> Problem
Repeat the span of the entries below that starts at the line with "mommo design: 10 HOUSE FRAMED BEDS" and ends at the line with "Jenifer Bologna Headshot", nothing more. Skip the pictures.
───── Records for this task ─────
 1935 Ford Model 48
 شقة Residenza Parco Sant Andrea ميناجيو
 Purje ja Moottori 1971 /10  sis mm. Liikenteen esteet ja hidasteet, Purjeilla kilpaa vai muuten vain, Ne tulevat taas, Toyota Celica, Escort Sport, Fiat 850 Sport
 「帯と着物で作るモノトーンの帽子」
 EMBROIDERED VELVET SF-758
─────
───── Records for this task ─────
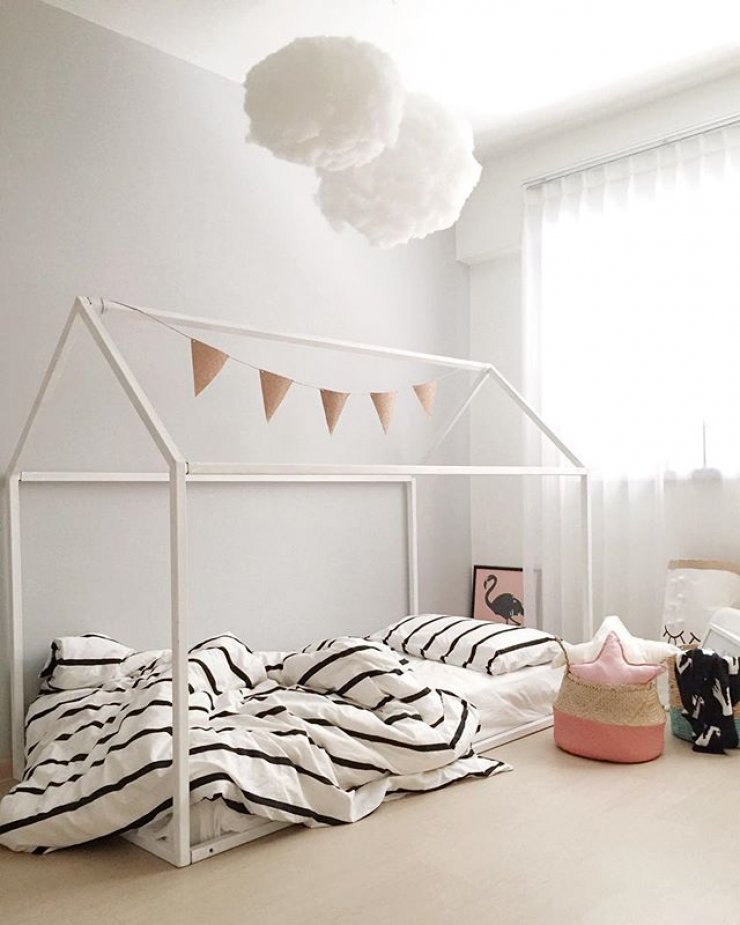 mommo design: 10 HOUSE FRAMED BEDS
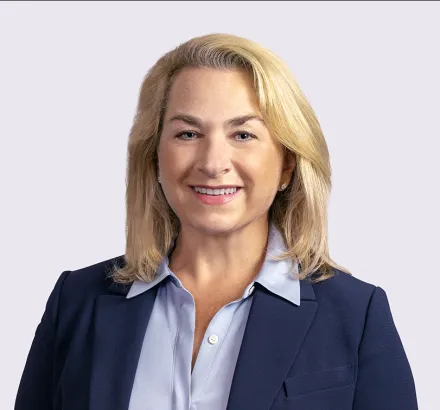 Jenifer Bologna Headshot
─────
───── Records for this task ─────
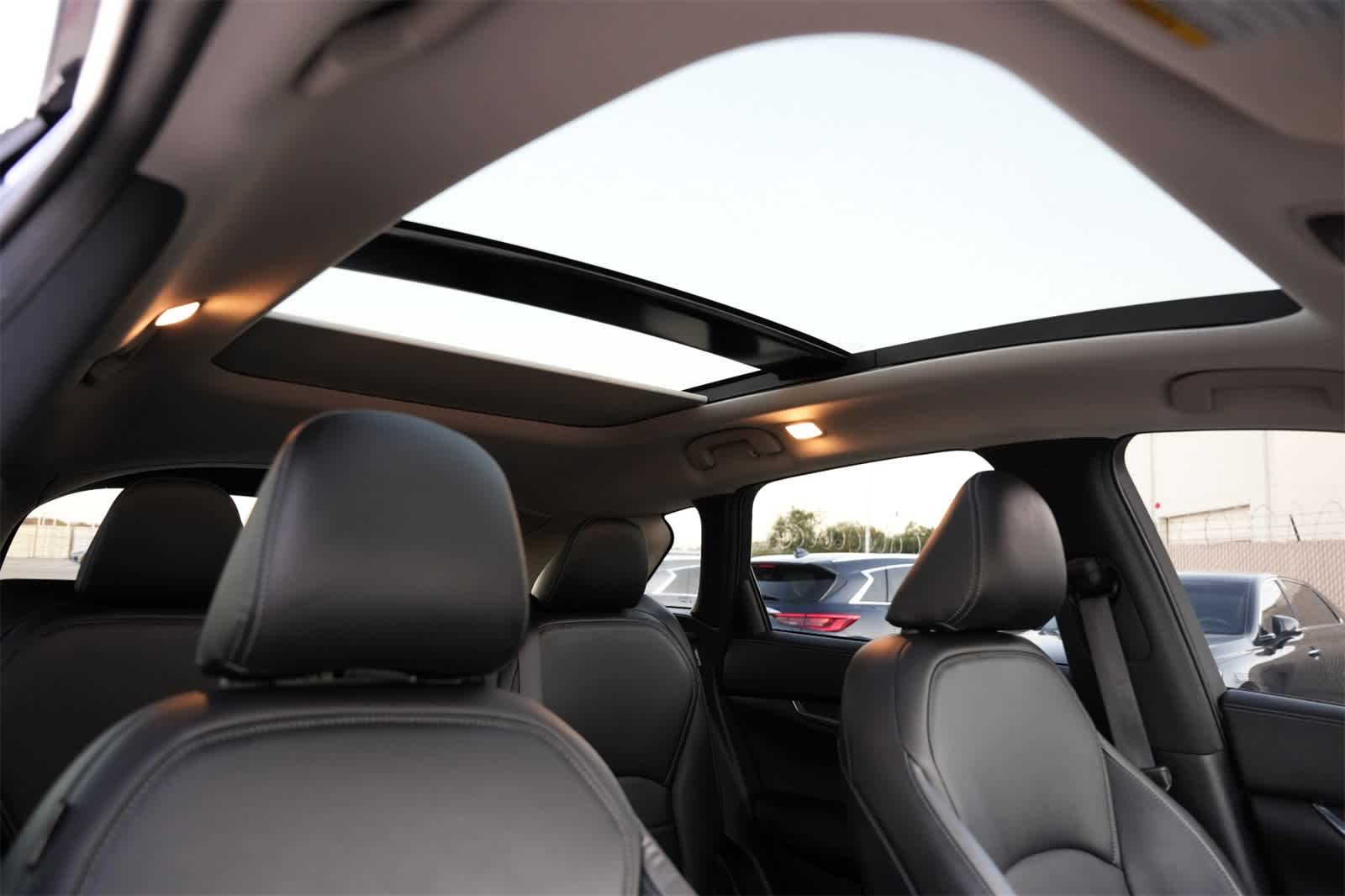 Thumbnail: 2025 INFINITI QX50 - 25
─────
> Solution to this task
 mommo design: 10 HOUSE FRAMED BEDS
 Jenifer Bologna Headshot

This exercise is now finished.